EDW, Wow, Geakes, now that brings back many memories. I used to shop at Geakes all of the time for my fly tying supplies. The old man was a great guy and was very knowedgeable. He always reminded me of one of the old time flyfishers. He was always wearing that multipocketed guide jacket and smoking his pipe. What was great about that place is you could go in there and buy flytying hooks by the dozen if you wanted to. They would break open the box and count out a dozen for you. Try that anywhere else. I think that he owned a place on the Little South Branch of the Pere Marquette. Very helpfull fellow, was always willing to talk to you. When they went out of business they had a remarkable sale of fly rods and such but I was out of town and was never able to buy any stuff. I think that his kid, Kim did not want to take over the business. Also did some business next door to them at Acme boat. Good memories.

Bob


----------



## BIG "D"

Biggest Brown I' ve caught was 19 3/4 10 yers ago. Biggest seen, My buddies wife caught on the 4th of July 22 in in the same strech of the river. caught a even bigger fish in the Mill pond creek in romeo years ago


----------



## seafood

I've seen nothing over 10". :sad:


----------



## Kevin

I deleted a couple posts. 
If you have off-topic issues you want to discuss, please start your own thread.


----------



## Matt Lerminez

I personally have caught browns up to 22" and steelhead up to 18". Since 1992 I have caught or seen about 8 fish caught in the paint creek above 15", however I had taken about a ten year break from fishing it in the early 2000's.


----------



## jellybread




----------



## fisheater

On the Clinton my best brown is 19". I have seen quite a few 14"-15". I haven't fished the Clinton in the last 5-7 years.

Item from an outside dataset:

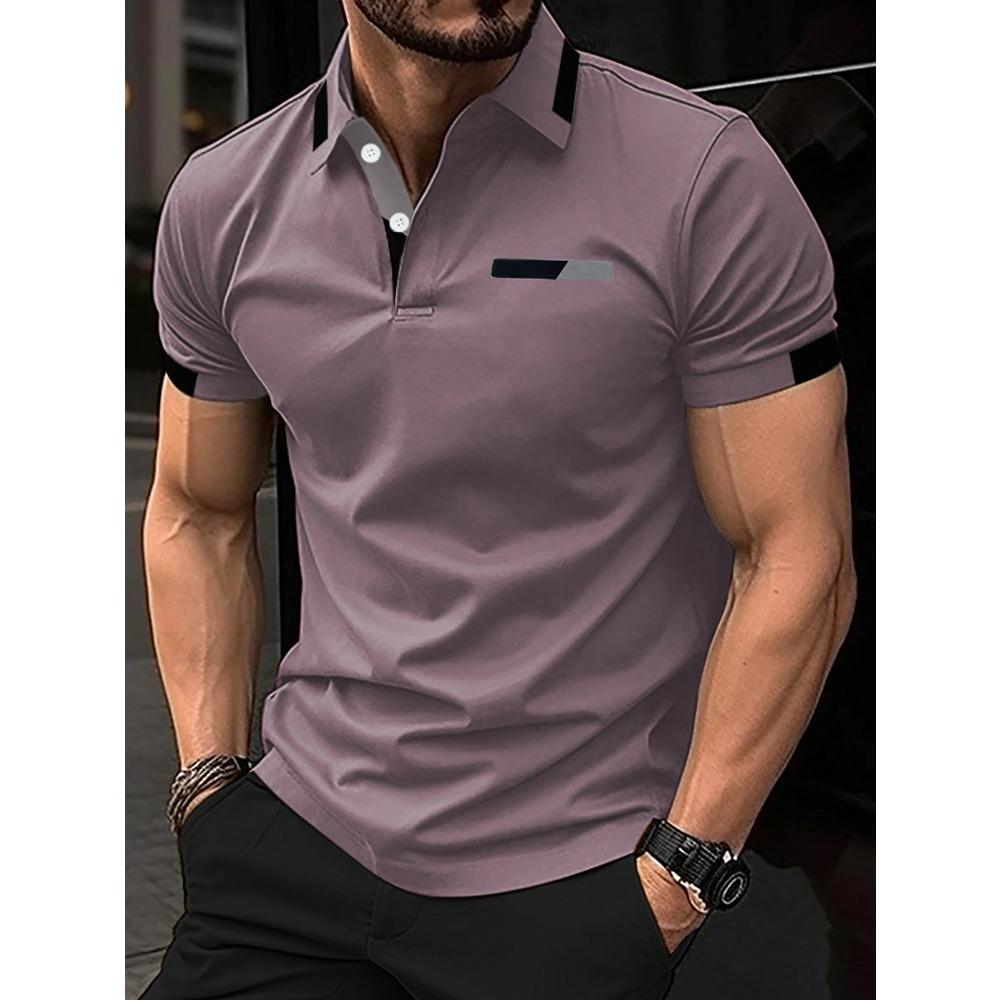 Manfinity Homme Chemise Polo Casual Manches Courtes Color-Block d'Été pour le Trajet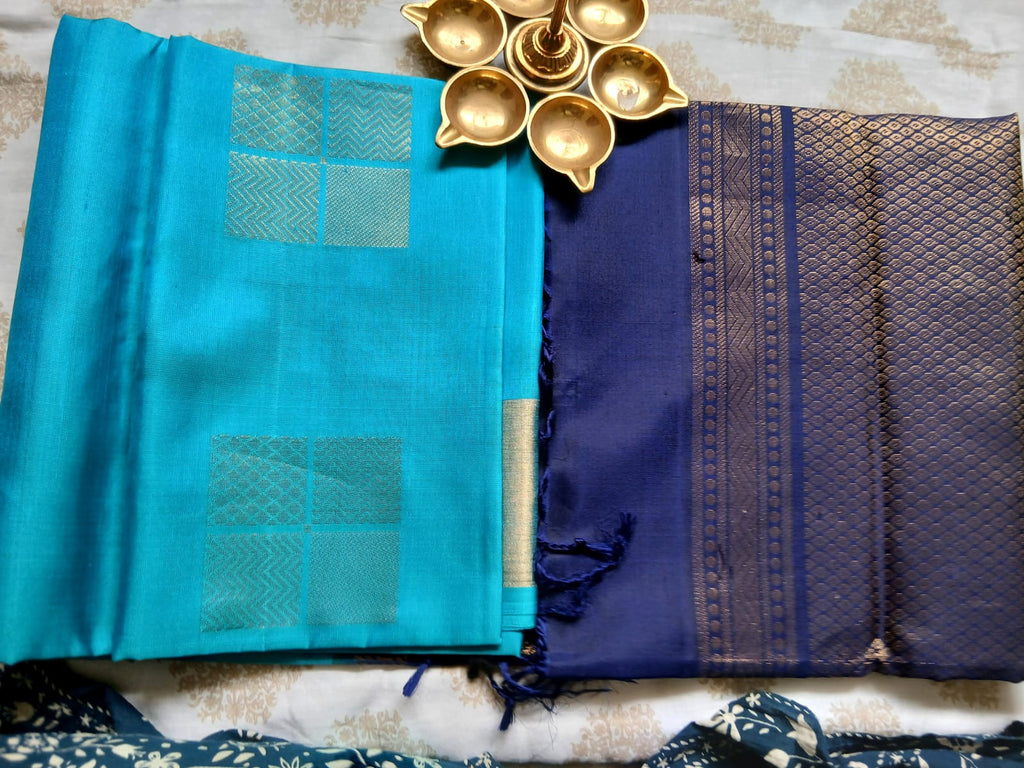 Sky Blue & Royal Blue Soft Silk Saree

It has gotten a bit more crowded. 
Went out the 4th, no trout for me, not even a rainbow! My buddy managed a rainbow


----------



## manOfaith

Caught this fish tonight. Matches my previous best of 15”


----------



## FlySteve

I fished Paint Creek for my first time this week. Was beginning to think there was no trout or it was too warm. Only caught chubs - what fly were you using? Yesterday I fished cider mill to silver bell and today silver bell to dutton but didn't make it all the way


----------



## manOfaith

FlySteve said:


> I fished Paint Creek for my first time this week. Was beginning to think there was no trout or it was too warm. Only caught chubs - what fly were you using? Yesterday I fished cider mill to silver bell and today silver bell to dutton but didn't make it all the way


Water had been 75 deg. But with last nights cooler weather today it was 70 so I thought I would give it a try. Was fishing a two nymph rig when this guy rose twice and switched to a dry. Caught him on the first cast. Couldn’t believe it lol


----------



## FlySteve

manOfaith said:


> Water had been 75 deg. But with last nights cooler weather today it was 70 so I thought I would give it a try. Was fishing a two nymph rig when this guy rose twice and switched to a dry. Caught him on the first cast. Couldn’t believe it lol


Thanks! You have given me hope!! Wondering if there is ever a creek clean up day? I would like to be a part of it and start to learn PC a bit more


----------



## manOfaith

FlySteve said:


> Thanks! You have given me hope!! Wondering if there is ever a creek clean up day? I would like to be a part of it and start to learn PC a bit more


----------



## CrickNotCreek

Buddy caught this 23" hog on memorial day, about 15 minutes after catching a 17 incher. Remarkable morning.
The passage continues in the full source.